> _What you will do_: Among the entries below, count the lines containing the string "تبريد". Only the count is needed.

> _Pictures with short captions_:
━━━━
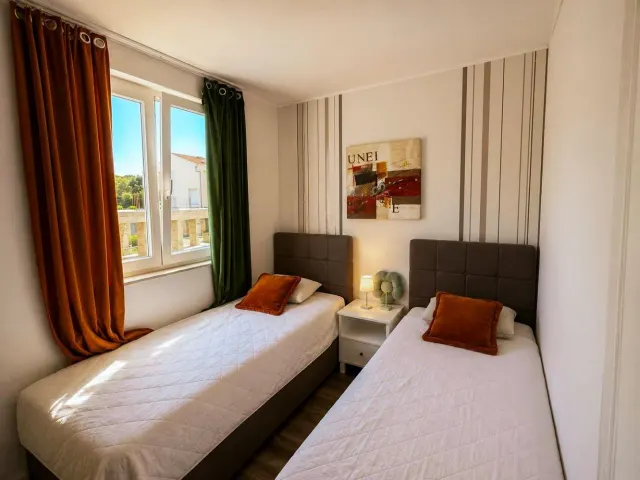 BookNoFees: Ruhige Ferienwohnung am Meer mit Balkon und Blick auf den Yachthafen – Petrcane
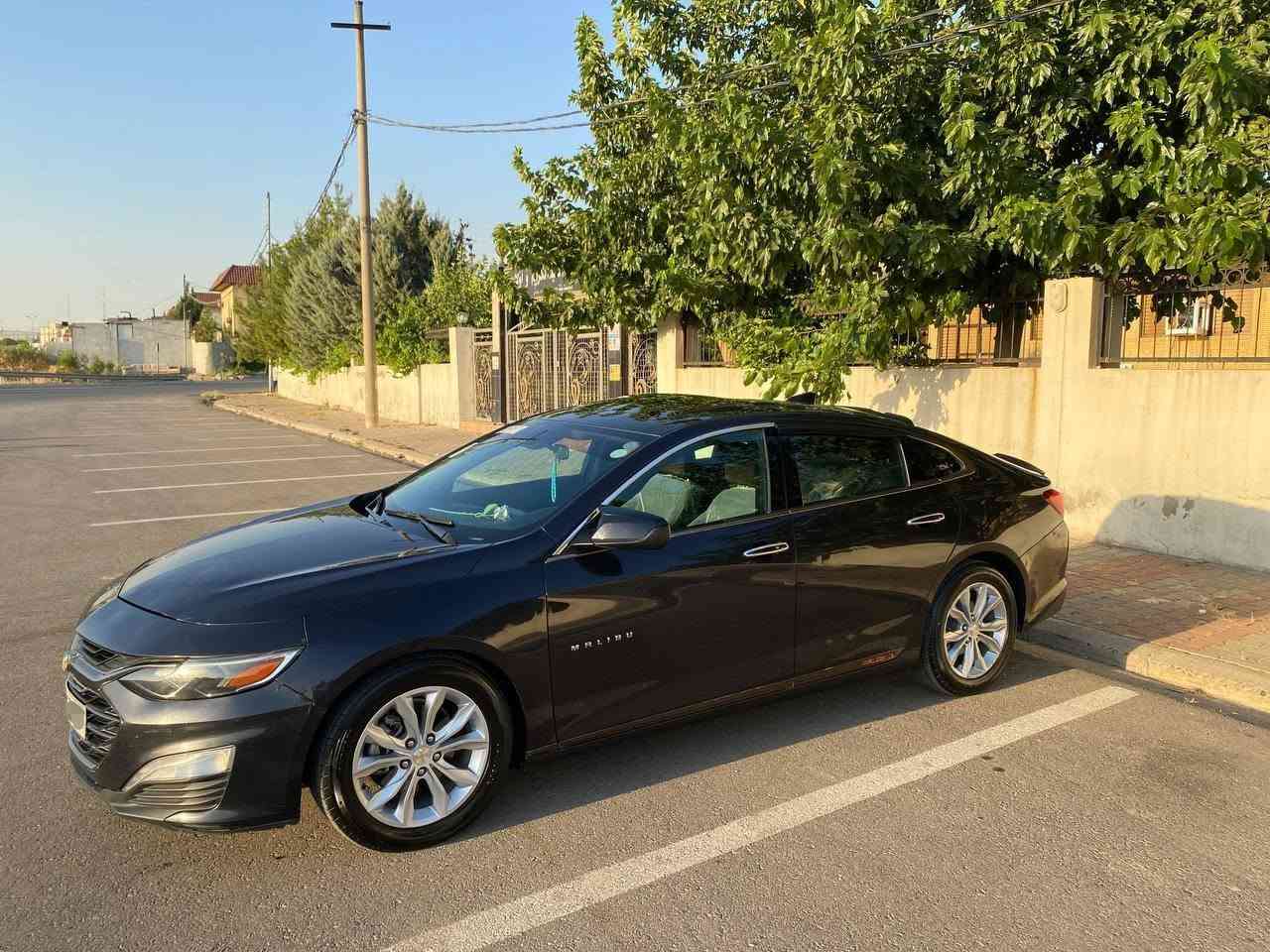 chevrolet malibu 2023 Lt2
شوفرليت ماليبو موديل 2023
فئة LT2
ماشية 54 الف ميل
فتحة
بصمة و تشغيل عن بعد و ابواب بصمة
كشنات كهربائي و تدفئة
تبريد مركزي
تحكمات سترين
شاشة جبير كار بلاي كاميرا خلفي 360 
رادار امامي و تحديد مسار و توقف ذاتي كلها شغال
ضرر سيارة بسيط شبر من بنيد مع باب نفر بدون دواخل او لغود شرط كل شي
محرك و گير و كهربائيات و تبريد شرط
سيارة بأسمي سنوية جديد لحد 2030 
متواجد اربيل
رقم موبايل : 
***********
*********** أربيل, العراق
━━━━
> _Output of the exercise_: 2